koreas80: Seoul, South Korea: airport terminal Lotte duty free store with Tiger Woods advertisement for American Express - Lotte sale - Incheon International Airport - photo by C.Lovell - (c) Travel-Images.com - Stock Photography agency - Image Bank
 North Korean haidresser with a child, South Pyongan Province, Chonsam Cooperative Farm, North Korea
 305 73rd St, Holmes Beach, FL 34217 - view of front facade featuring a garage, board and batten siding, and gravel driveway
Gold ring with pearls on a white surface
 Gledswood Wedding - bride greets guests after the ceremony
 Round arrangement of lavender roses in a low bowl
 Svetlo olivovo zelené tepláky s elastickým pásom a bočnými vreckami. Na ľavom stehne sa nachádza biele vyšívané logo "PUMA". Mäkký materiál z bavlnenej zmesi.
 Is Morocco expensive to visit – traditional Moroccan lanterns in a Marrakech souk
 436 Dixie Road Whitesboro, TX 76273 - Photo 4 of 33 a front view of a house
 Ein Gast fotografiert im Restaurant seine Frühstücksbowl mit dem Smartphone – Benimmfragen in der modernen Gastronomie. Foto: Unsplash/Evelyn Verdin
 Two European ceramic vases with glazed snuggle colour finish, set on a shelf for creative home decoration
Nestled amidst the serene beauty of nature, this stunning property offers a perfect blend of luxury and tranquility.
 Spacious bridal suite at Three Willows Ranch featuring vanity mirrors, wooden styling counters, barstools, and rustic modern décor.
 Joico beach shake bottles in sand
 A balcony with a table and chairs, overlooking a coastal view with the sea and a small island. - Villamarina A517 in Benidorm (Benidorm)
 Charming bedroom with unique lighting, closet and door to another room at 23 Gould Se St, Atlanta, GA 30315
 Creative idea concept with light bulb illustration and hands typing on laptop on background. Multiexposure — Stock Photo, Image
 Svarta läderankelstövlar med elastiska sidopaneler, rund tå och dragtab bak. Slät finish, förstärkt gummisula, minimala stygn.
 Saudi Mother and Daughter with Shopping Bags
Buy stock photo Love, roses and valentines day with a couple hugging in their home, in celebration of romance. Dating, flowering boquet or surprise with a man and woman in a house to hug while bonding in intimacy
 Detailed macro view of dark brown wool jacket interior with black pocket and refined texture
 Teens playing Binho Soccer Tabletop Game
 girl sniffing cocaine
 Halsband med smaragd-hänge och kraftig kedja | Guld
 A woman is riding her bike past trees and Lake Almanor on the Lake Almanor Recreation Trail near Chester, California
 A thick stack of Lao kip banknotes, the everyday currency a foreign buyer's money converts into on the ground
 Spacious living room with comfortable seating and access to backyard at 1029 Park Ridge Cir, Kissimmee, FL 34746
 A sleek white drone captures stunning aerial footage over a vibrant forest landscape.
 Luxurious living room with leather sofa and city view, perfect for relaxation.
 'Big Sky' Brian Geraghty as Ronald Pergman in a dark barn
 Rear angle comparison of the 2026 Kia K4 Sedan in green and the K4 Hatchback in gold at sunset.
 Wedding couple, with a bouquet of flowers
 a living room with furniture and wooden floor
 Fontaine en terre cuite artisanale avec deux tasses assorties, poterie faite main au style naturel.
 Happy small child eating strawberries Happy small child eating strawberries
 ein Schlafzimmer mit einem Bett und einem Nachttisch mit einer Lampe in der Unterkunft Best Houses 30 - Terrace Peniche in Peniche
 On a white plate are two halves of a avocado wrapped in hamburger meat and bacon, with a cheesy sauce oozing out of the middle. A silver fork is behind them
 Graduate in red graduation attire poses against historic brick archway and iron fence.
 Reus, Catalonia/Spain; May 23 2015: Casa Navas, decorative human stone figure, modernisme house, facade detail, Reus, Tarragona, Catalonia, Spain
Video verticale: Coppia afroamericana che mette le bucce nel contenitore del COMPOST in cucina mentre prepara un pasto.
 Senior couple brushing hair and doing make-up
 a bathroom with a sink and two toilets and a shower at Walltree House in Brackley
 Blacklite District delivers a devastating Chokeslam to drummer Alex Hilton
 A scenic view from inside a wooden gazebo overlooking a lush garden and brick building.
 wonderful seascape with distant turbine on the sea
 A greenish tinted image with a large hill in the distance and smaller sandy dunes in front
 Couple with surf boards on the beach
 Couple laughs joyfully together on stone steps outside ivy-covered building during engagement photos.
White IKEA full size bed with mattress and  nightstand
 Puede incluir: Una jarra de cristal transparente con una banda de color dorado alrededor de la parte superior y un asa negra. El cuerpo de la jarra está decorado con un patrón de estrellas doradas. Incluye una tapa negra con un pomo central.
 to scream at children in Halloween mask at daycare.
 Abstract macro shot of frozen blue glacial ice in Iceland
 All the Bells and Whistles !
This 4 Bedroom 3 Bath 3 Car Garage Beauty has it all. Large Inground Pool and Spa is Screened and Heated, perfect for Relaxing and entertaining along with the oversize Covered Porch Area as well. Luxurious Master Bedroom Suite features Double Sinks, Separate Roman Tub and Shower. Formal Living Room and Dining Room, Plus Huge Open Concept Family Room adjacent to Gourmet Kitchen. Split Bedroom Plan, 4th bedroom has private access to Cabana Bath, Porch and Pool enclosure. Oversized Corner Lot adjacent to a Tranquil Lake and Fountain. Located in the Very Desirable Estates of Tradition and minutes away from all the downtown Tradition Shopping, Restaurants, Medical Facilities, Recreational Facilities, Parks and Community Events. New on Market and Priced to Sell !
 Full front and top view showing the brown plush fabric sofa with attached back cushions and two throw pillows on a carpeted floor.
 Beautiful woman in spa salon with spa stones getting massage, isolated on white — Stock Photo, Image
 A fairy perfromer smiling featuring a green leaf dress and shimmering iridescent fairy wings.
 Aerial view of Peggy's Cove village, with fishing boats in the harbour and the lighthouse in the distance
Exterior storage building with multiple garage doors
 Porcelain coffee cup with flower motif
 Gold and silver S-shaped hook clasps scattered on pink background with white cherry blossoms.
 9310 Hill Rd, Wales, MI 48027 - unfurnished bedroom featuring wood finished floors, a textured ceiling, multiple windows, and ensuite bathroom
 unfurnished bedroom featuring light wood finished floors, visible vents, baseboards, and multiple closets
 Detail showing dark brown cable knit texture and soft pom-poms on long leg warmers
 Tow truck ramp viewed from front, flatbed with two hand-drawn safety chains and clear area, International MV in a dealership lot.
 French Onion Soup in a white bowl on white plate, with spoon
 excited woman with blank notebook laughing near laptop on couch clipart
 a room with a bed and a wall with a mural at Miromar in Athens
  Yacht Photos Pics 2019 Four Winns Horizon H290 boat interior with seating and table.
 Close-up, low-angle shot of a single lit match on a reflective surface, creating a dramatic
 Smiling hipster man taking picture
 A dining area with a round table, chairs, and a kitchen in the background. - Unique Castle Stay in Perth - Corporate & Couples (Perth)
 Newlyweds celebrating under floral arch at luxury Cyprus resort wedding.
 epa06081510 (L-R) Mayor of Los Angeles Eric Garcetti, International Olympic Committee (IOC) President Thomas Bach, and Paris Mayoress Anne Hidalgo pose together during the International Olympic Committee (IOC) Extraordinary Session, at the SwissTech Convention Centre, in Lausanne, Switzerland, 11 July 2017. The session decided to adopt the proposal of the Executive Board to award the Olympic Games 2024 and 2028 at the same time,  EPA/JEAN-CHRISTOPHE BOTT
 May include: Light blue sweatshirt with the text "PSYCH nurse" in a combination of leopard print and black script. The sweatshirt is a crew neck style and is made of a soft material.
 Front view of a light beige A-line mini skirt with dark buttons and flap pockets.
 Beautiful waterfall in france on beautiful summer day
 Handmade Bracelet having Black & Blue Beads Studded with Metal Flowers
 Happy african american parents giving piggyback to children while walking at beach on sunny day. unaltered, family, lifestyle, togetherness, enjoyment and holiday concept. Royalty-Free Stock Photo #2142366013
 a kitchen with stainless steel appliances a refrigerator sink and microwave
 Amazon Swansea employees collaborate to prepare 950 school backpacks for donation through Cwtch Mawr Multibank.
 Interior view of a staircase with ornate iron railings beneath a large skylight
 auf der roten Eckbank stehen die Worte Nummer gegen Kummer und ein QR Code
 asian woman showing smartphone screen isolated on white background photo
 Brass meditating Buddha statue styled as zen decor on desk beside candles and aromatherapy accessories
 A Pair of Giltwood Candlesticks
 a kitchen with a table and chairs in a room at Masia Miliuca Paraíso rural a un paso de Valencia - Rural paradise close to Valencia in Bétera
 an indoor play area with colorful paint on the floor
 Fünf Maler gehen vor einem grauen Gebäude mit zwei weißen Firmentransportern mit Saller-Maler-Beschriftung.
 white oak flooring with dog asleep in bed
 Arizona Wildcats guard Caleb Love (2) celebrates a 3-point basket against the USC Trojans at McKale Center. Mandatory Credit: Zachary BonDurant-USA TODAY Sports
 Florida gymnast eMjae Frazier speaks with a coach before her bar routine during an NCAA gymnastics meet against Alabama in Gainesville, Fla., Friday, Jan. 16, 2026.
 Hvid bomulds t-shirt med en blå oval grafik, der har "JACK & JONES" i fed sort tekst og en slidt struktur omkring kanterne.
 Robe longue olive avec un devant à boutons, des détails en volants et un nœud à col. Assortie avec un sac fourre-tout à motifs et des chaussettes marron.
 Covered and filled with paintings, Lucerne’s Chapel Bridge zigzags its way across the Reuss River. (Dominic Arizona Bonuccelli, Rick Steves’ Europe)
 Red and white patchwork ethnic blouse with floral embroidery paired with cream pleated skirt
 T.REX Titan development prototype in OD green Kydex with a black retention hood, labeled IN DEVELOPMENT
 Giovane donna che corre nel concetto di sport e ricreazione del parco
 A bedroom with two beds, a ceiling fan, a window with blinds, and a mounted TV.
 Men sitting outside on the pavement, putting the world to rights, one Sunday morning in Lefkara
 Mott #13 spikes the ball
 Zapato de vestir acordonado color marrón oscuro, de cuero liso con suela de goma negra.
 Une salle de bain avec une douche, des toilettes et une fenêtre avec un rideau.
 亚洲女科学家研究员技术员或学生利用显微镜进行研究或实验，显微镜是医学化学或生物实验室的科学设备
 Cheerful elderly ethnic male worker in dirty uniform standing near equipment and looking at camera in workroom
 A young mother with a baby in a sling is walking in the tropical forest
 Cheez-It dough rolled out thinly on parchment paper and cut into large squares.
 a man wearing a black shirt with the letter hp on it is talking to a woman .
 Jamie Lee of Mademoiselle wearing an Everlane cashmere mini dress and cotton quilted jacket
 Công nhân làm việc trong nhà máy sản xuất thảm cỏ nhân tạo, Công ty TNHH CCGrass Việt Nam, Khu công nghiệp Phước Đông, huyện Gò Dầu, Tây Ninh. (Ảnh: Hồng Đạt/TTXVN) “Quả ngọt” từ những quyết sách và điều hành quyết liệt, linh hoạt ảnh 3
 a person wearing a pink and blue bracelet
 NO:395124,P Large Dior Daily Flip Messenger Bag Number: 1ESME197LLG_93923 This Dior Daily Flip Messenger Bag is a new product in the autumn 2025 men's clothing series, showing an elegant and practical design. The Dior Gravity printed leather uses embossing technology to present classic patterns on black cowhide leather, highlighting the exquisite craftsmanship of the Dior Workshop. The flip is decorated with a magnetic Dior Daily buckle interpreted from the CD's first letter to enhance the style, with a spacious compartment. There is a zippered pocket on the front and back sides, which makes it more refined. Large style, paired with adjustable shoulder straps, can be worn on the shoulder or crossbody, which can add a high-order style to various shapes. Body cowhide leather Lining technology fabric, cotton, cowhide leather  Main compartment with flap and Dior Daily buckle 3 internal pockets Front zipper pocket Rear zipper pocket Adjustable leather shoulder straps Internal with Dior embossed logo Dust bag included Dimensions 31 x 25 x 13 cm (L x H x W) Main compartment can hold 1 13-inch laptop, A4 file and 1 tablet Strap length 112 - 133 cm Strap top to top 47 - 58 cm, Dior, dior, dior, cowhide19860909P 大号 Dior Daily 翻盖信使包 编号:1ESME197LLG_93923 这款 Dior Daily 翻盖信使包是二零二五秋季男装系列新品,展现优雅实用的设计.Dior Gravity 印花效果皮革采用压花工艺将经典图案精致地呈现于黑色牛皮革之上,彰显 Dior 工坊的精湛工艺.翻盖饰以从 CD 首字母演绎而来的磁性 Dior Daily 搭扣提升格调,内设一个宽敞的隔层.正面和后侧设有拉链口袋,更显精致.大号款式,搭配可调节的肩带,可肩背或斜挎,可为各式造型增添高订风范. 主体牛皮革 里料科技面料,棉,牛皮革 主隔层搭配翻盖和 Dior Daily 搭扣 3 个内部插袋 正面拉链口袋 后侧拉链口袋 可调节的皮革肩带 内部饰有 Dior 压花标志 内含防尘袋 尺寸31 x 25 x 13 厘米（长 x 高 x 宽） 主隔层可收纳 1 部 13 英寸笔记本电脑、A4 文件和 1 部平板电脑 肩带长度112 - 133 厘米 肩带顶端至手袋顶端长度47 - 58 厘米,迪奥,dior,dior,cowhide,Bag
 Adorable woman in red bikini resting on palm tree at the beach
::::
Copy word for word the stretch of entries above from the line that has "Brass meditating Buddha" through the line that has "an indoor play", both ends included, and nothing outside it.

 Brass meditating Buddha statue styled as zen decor on desk beside candles and aromatherapy accessories
 A Pair of Giltwood Candlesticks
 a kitchen with a table and chairs in a room at Masia Miliuca Paraíso rural a un paso de Valencia - Rural paradise close to Valencia in Bétera
 an indoor play area with colorful paint on the floor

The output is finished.